Nach Angaben des Zentrums für Forschung zur Epidemiologie von Katastrophen (CRED) an der Université Catholique de Louvain in Belgien (via Our World in Data) gab es bis Oktober 2025 weltweit etwa 4.500 Todesfälle im Zusammenhang mit extremen Wetterereignissen. Tragischerweise kam es in den letzten beiden Monaten des Jahres 2025 zu hohen Verlusten an Menschenleben im Zusammenhang mit Überschwemmungen in Süd- und Südostasien, die mit den Zyklonen Senyar und Ditwah in Verbindung standen.

Die endgültigen Opferzahlen liegen zwar noch nicht vor, aber Berichten zufolge kamen in den letzten beiden Monaten des Jahres möglicherweise 1.600 Menschen bei diesen und mehreren anderen Ereignissen ums Leben.

Sollten sich diese Schätzungen als zutreffend erweisen, wäre 2025 eines der Jahre mit den niedrigsten Gesamtzahlen an Todesfällen durch extreme Wetterereignisse. Aller Zeiten! Ich bin hier vorsichtig, da es in den letzten zehn Jahren viele Jahre mit ähnlich niedrigen Gesamtzahlen gab – insbesondere 2014, 2015, 2016, 2018 und 2021.

Ein Rückgang der Todesfälle in einem einzelnen Jahr kann auf Glück zurückzuführen sein, beispielsweise auf ein Jahr mit relativ wenigen extremen Wetterereignissen, aber das ist für 2025 nicht der Fall: Hurrikane waren etwa normal, ebenso wie Überschwemmungen, Waldbrände und Dürren.

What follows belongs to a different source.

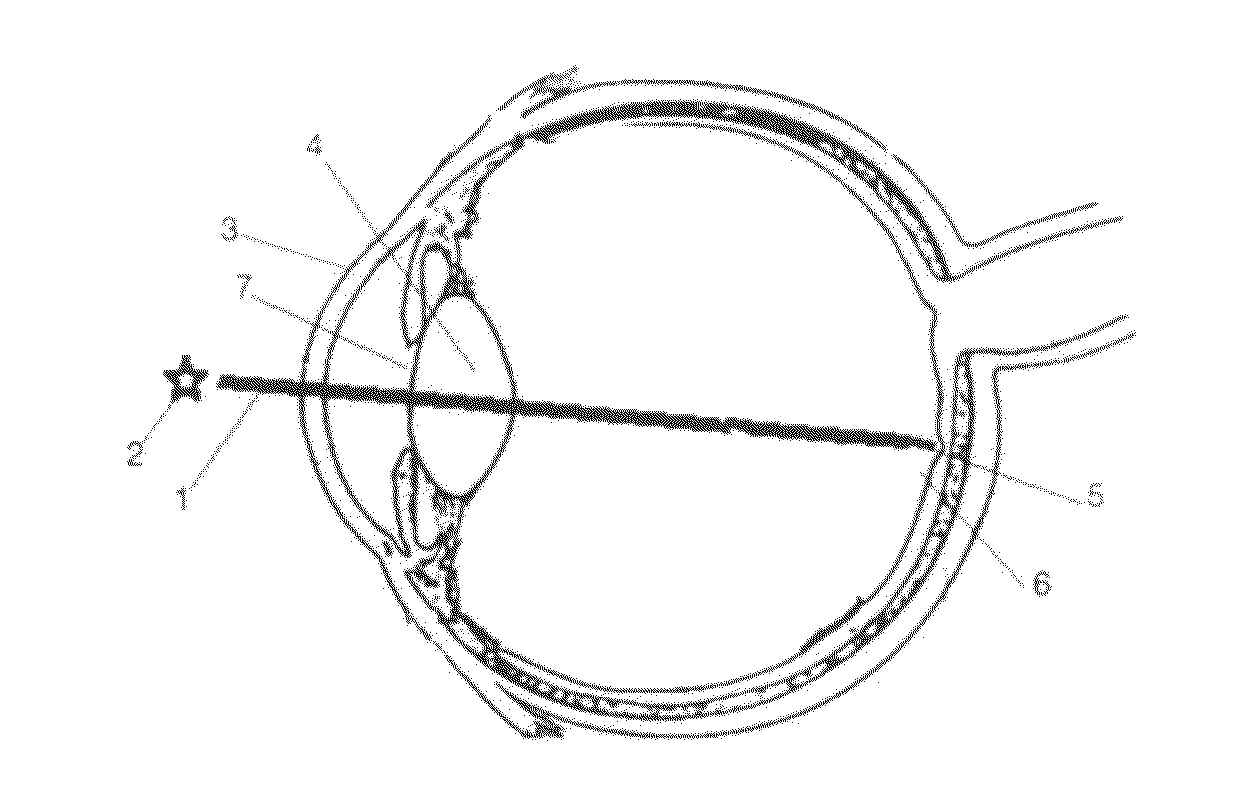 Apparatus and Corneal Remodeling Methods to Improve Vision in Macular Disease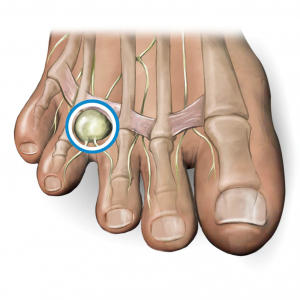 A neuroma is a thickening of nerve tissue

An einigen Orten war das Wetter schlechter als an anderen, wie in jedem anderen Jahr auch, aber insgesamt zeigen die Daten keine wesentlichen Zu- oder Abnahmen im Vergleich zum Durchschnitt. Aussagekräftiger als die niedrige Zahl der Todesfälle durch klimabedingte Ereignisse in einem einzigen Jahr ist der langfristige Trend für solche Ereignisse. Pielke merkt an, dass laut den verfügbaren Daten

Was wir mit größerer Sicherheit sagen können ist, dass die Sterblichkeitsrate aufgrund extremer Wetterereignisse mit weniger als 0,8 Todesfällen pro 1.000.000 Menschen (laut Bevölkerungsdaten der Vereinten Nationen) so niedrig ist wie nie zuvor. Nur die Jahre 2018 und 2015 kommen diesem Wert nahe.

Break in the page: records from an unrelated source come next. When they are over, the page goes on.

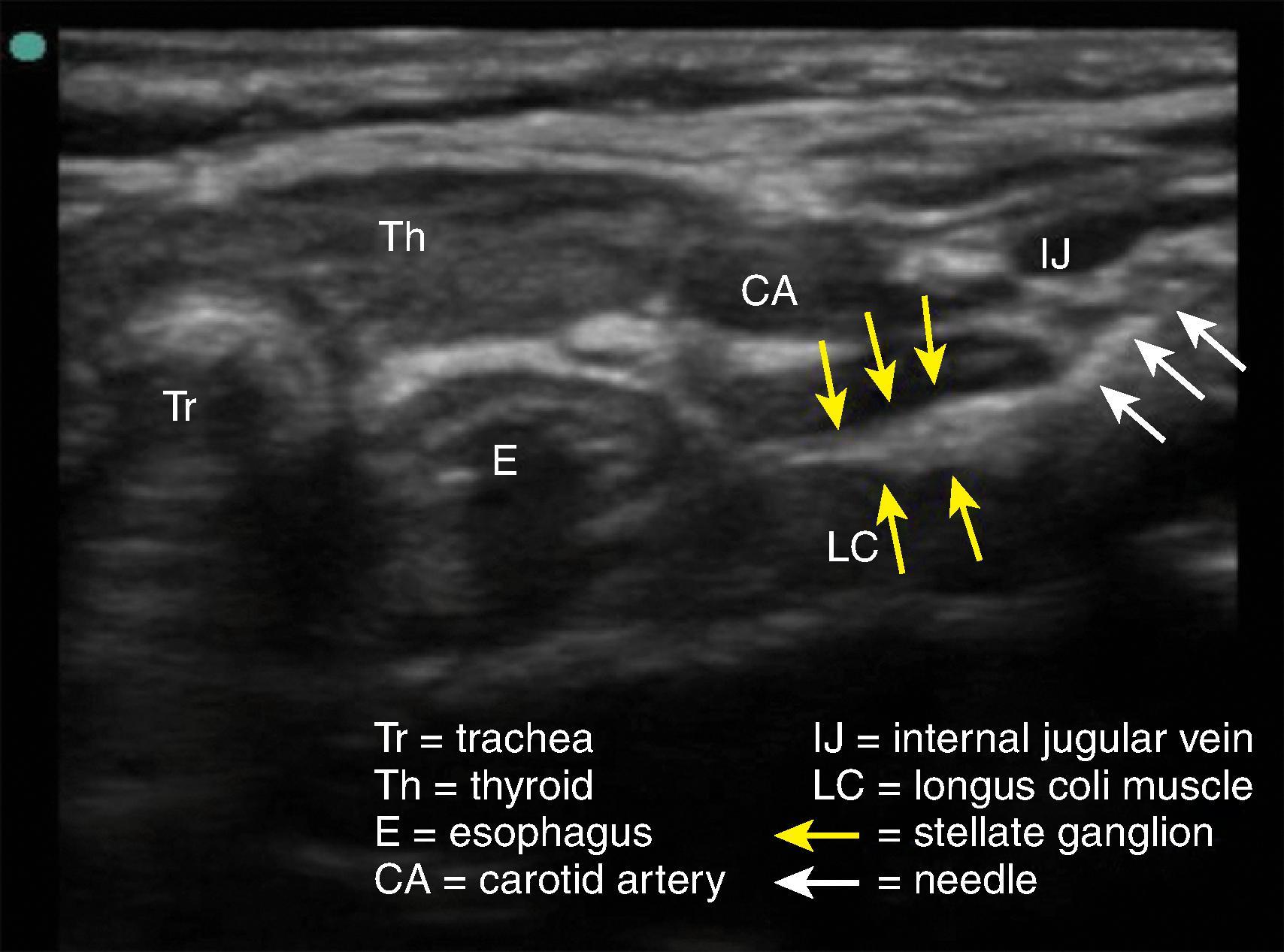 Figure 43.2, Image of ultrasound guided stellate ganglion blockade.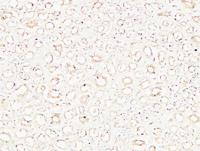 Collagen IV mouse Monoclonal Antibody(8E5)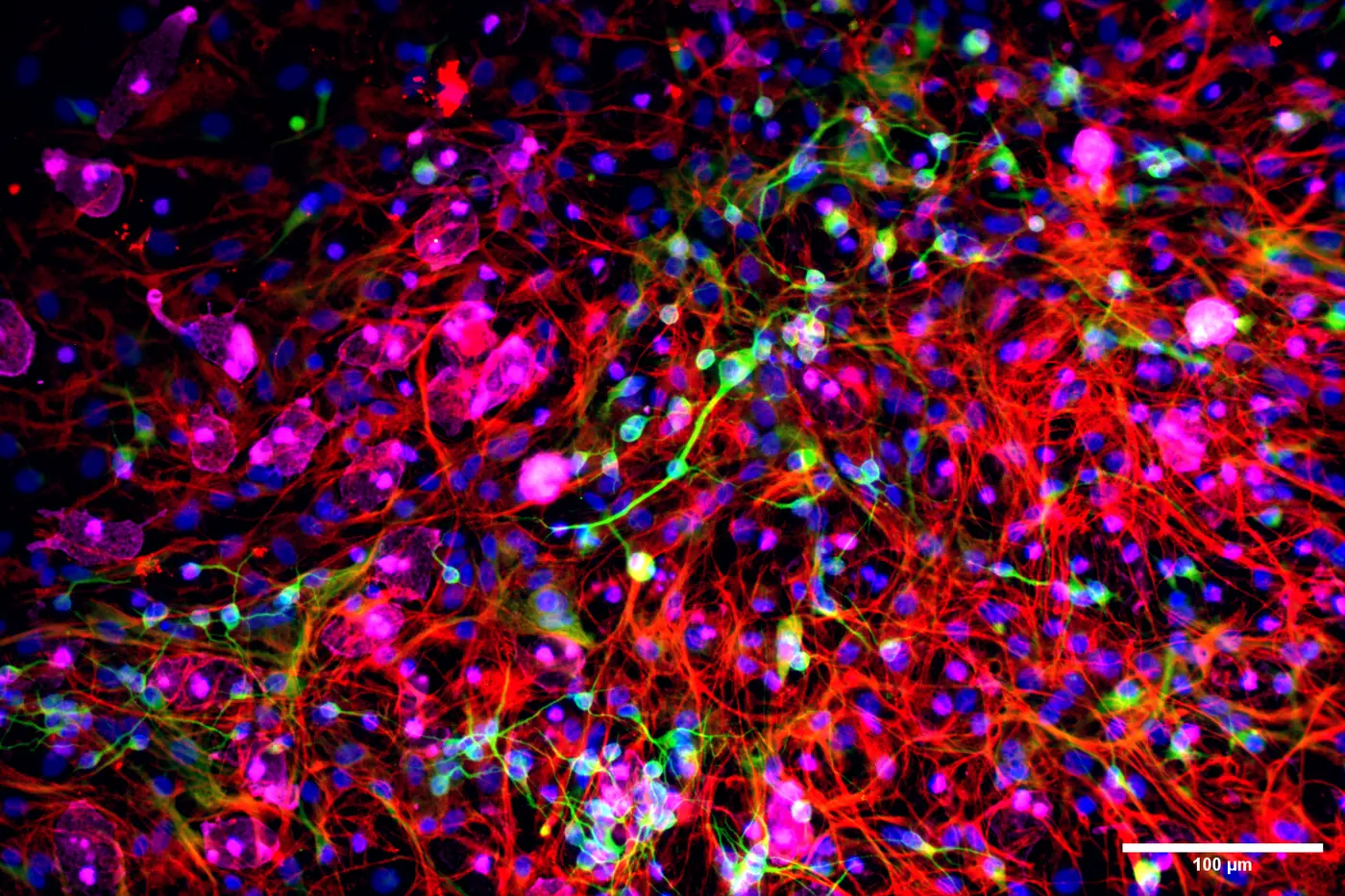 Microscope image: red and magenta neurons over blue nuclei.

Um die Sterblichkeitsrate ins rechte Licht zu rücken, bedenken Sie Folgendes:

• 1960 lag sie bei >320 pro 1.000.000;

• 1970 bei >80;

• 1980 bei ~3;

• 1990 bei ~1,3;

Seit 2000 gab es sechs Jahre mit <1,0 Todesfällen pro 1.000.000 Menschen, alle seit 2014. Von 1970 bis 2025 sank die Sterblichkeitsrate um zwei Größenordnungen. Dies ist eine unglaubliche Geschichte menschlicher Genialität und des Fortschritts.

Marc Morano, Betreiber der Website Climate Depot, kommentierte diesen Trend gegenüber dem Radiosender KTRH 740 AM News in Houston wie folgt: „Das Erstaunliche daran ist, dass sich ein Trend fortsetzt. … Wenn man bis in die 1920er Jahre zurückblickt, ist die Zahl der Todesfälle durch extreme Wetterereignisse um 97 Prozent zurückgegangen.“

Letztendlich halten Klimaalarmisten an der dogmatischen Überzeugung fest, dass der Mensch einen katastrophalen Klimawandel verursacht, der laut ihren Orakeln eine „existenzielle Bedrohung“ für die menschliche Zivilisation und letztlich für das Überleben darstellt. Die Beweise zeigen jedoch, dass der Mensch, unter anderem durch den verbesserten Zugang zu und die Nutzung von fossilen Brennstoffen, die Erde und ihre Wetterkapriolen nicht nur für die Menschheit überlebensfähiger macht, sondern auch den Wohlstand der Menschen erhöht und mehr Menschen zu Wohlstand verhilft. Mehr Menschen als je zuvor in der Geschichte der Menschheit leben ihr Leben nach ihren eigenen Vorstellungen. Die Ressourcen schränken die Wahlmöglichkeiten nicht mehr so stark ein wie in der Vergangenheit.

Die diesjährigen Daten zu klimabedingten Todesfällen bestätigen, was Alex Epstein vor mehr als einem Jahrzehnt in seinem eindrucksvollen Buch „The Moral Case for Fossil Fuels“ geschrieben hat:

Das Klima ist nicht mehr eine der Haupttodesursachen, was zum großen Teil den fossilen Brennstoffen zu verdanken ist. … Wir ignorieren nicht nur das Gesamtbild, indem wir den Kampf gegen die Klimagefahr zum Fixpunkt unserer Kultur machen, sondern wir „bekämpfen“ den Klimawandel auch, indem wir uns gegen die Waffe stellen, die ihn um ein Vielfaches weniger gefährlich gemacht hat.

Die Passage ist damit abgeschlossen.